Narrowing Down Performance Problems in Managed Code

My last entry was some generic advice about how to do a good performance investigation.  I think actually it’s too generic to be really useful — in fact I think it fails my Peanut Butter Sandwich Test.

Digression to discuss the Peanut Butter Sandwich Test

I review a lot of documents and sometimes they say things that are so obvious as to be uninteresting.  The little quip I have for this situation is, “Yes what you are saying is true of [the system] but it’s also true of peanut butter sandwiches.” Consider a snippet like this one, “Use a cache where it provides benefits,” and compare with, “Use a peanut butter sandwich where it provides benefits.”  Both seem to work… that’s a bad sign. 

You certainly don’t want to get an F on the Peanut Butter Sandwich Test but hopefully you won’t settle for just a C-.

Back on topic

I thought it would be good to follow up the generic advice with some specific suggestions for things to look at. These are things I look at in step 2 or 3 of the investigation.

Under .NET CLR Memory, check “% Time in GC” if it’s getting near 10% or higher you may have some memory issues, consider these secondary tests:

  • is the raw allocation rate “Allocated Bytes/sec” too high? -> reduce total allocations
  • is the promotion rate “Promoted Memory from Gen 1” too high? -> be careful about object lifetimes, avoid “mid-life crisis”
  • is the finalization rate “Finalization Survivors” too high? -> make sure you are disposing the key objects
  • is the heap growing when it shouldn’t “# Bytes in all Heaps” -> check for reference leaks

Is the CPU not saturated when it should be?  Look under .NET CLR LocksAndThreads

  • is the “Contention Rate / sec” counter high compared to your throughput rate? -> you should re-examine your locking strategy
  • is the “# of current physical Threads” too low for the problem?  -> (ammended) more parallelism may be helpful, consider using the ThreadPool if not already in use, possibly adjust ThreadPool parameters to get more threads (not usually needed)
  • in the “Thread” category examine “Context Switches / sec”, is this high compared to your throughput rate?  -> perhaps the workitem you are giving threads in the thread pool is too small, consider something chunkier

Is the throughput rate low even though the CPU is saturated?
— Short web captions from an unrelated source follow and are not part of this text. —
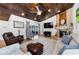 Spacious living room with wood ceiling, stone fireplace, and travertine floors at 13544 Avista Dr, Tampa, FL 33624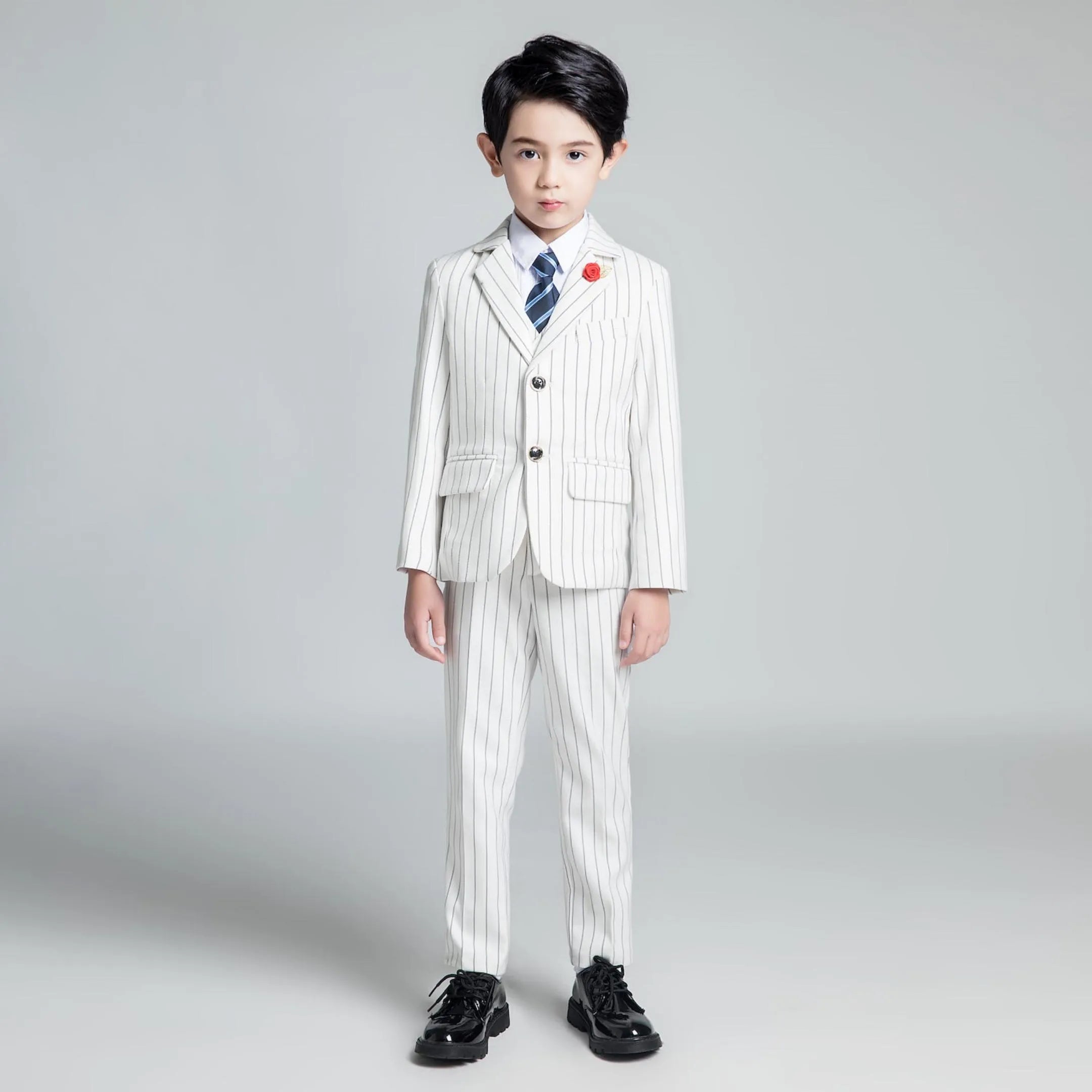 White striped boys formal suit with blue tie and red flower lapel pin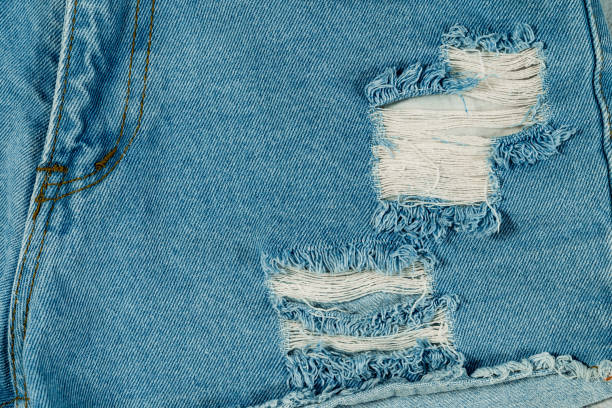 istock The textured blue jeans with torn design.concept background jeans 1340431756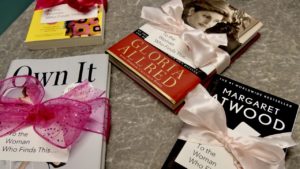 Womens History Month photo of books with pink ribbons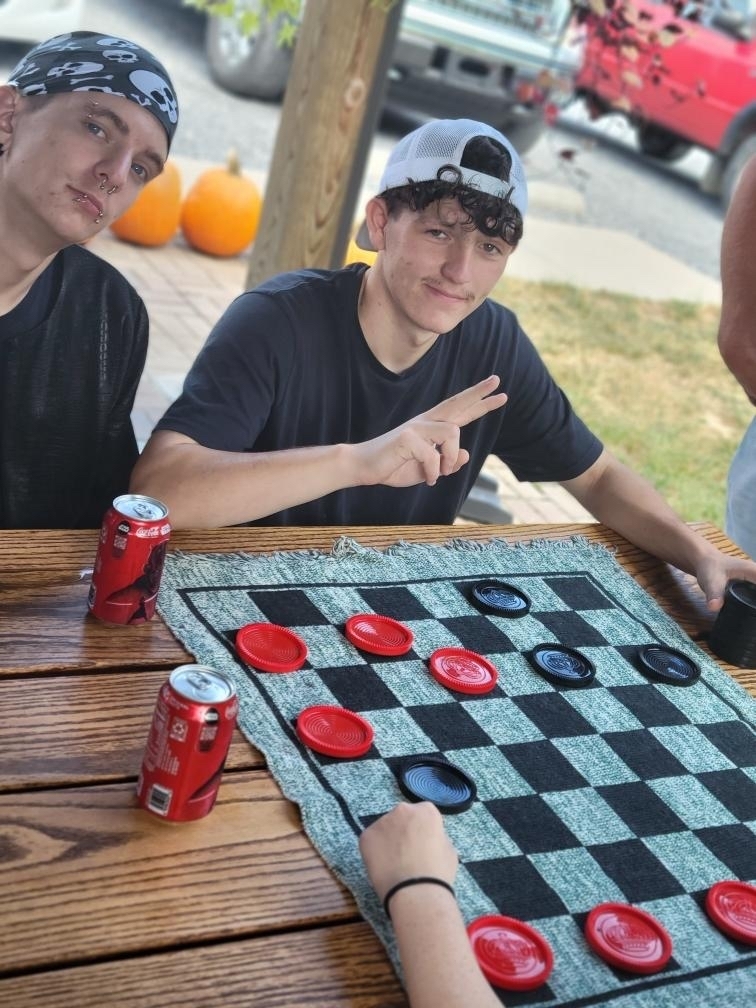 Two male students seated side by side on a wooden bench with a game of checkers in front of them.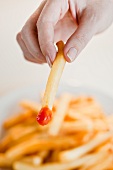 Frauenhand hält Pommes frites mit Ketchup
  • look under “.NET CLR Exceptions”, is “# of Excepts Thrown / sec” high compared to your throughput? -> consider reducing use of exceptions in common paths
  • look under “.NET CLR Interop”, is “# of marshalling” growing too fast?  -> consider simplifying the arguments passed in interop cases so that marshalling is cheaper
  • look under “.NET CLR Security”, is “% Time in RT checks” significant?  -> consider simplying the demands being placed on the security system to lower the cost of security checks
  • look under “.NET CLR Jit”, is “% Time in Jit” significant? This counter shouldn’t stay high because jitting should settle out, if it remains high then perhaps there is dynamic code generation via reflection going on -> simply dynamic code cases

This just a taste of course, and each of these items would likely lead to further investigation with a profiling tool that is suitable to drilling into that particular kind of problem but these are examples of leading indicators that I use.

For more information on the GC Performance counters specifically see Maoni’s blog entry on that subject.  Her most recent article is on using the GC efficiently also very interesting, lots of good details there.

Comments (16)

  1. Chris Sells says:

    That set of guidance sounds just prescriptive enough to be encodable, Rico. Do I small a PerfCop to watch running .NET apps in the future?

  2. ricom says:

    They’ve been threatening to build "Rico in a box" for years but I’m not aware of any successes yet 🙂

    Seriously though, I’ve been floating "perf cop" notions for about as long as I’ve been on the CLR. Hopefully those ideas will find their way into VSTS at some point.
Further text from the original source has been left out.